What you will do:
Exactly reproduce the lines from the line bearing "Nočný stolík s" through the end of the listing, inclusive of both; pictures are to be omitted.

Information provided:
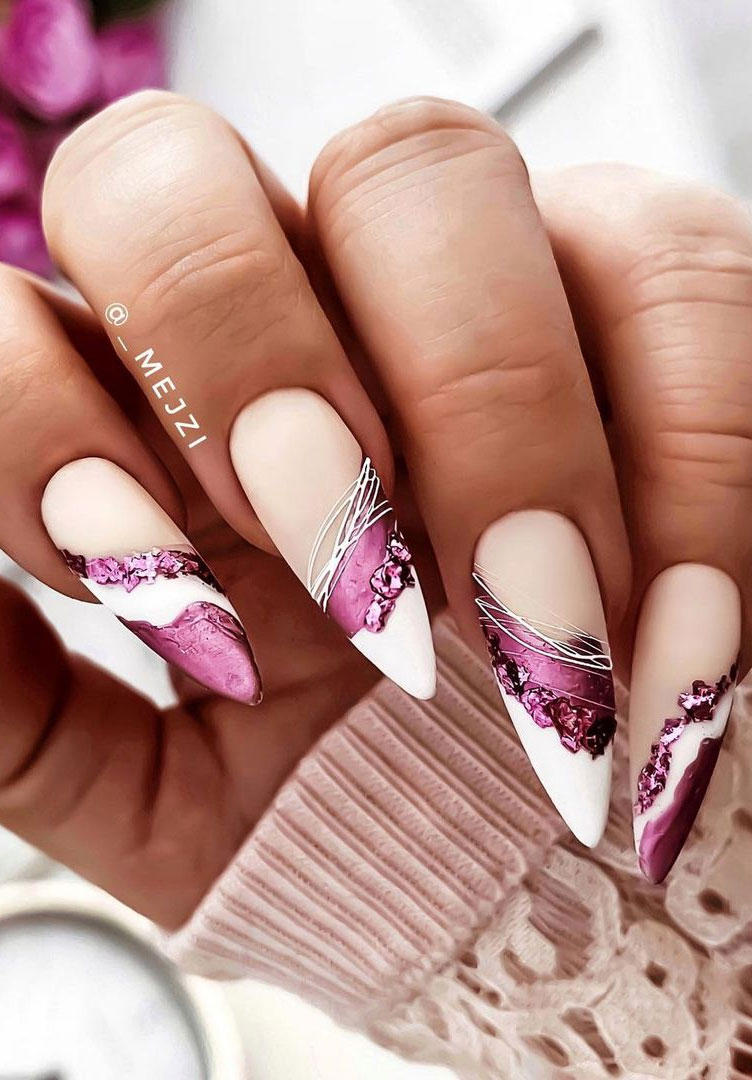 marble nail art, nail art designs, purple and pink nails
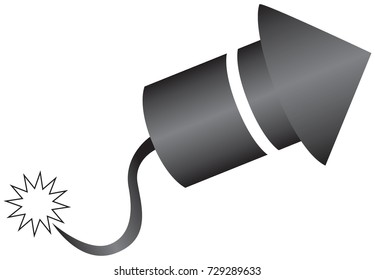 The symbol of firecrackers with a burning cord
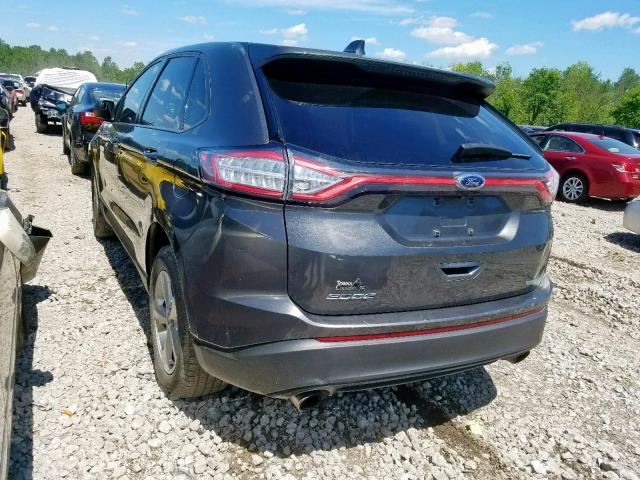 2FMPK3G97GBB03368 - 2016 FORD EDGE SE CHARCOAL photo 3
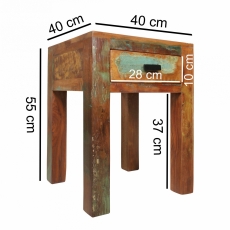 Nočný stolík s recyklovaného dreva Kalkutta, 55 cm, mango - 3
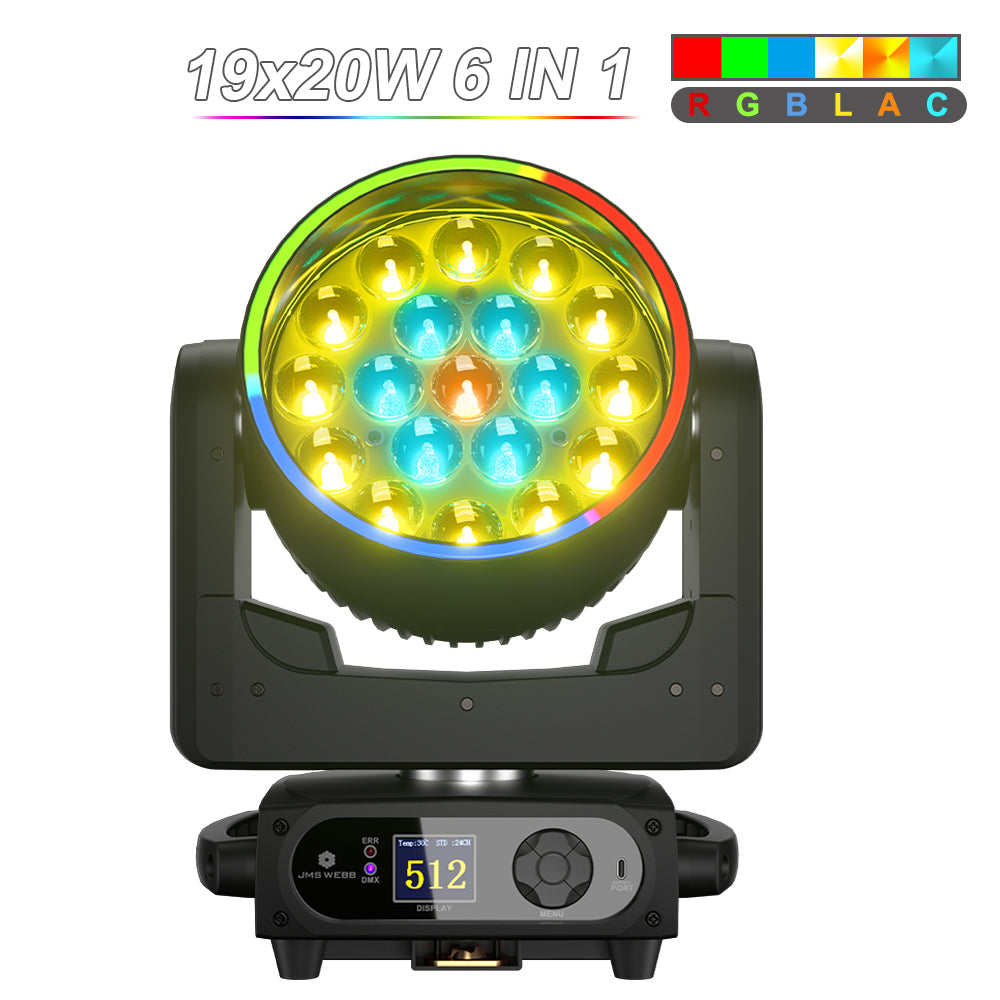 SHEHDS Projecteur LED à tête mobile 19×15 W / 20 W / 25 W Beam Wash Zoom Éclairage de scène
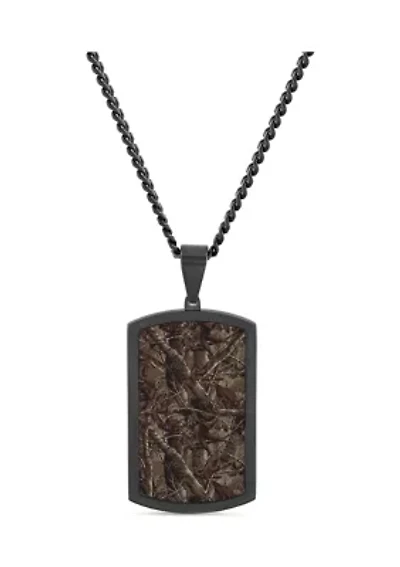 Camo Inlay Dog Tag Pendant Necklace in Black Stainless Steel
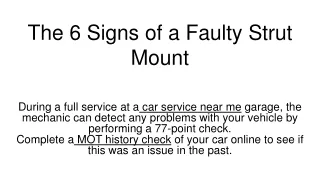 the 6 signs of a faulty strut mount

Task response:
 Nočný stolík s recyklovaného dreva Kalkutta, 55 cm, mango - 3
 SHEHDS Projecteur LED à tête mobile 19×15 W / 20 W / 25 W Beam Wash Zoom Éclairage de scène
 Camo Inlay Dog Tag Pendant Necklace in Black Stainless Steel
 the 6 signs of a faulty strut mount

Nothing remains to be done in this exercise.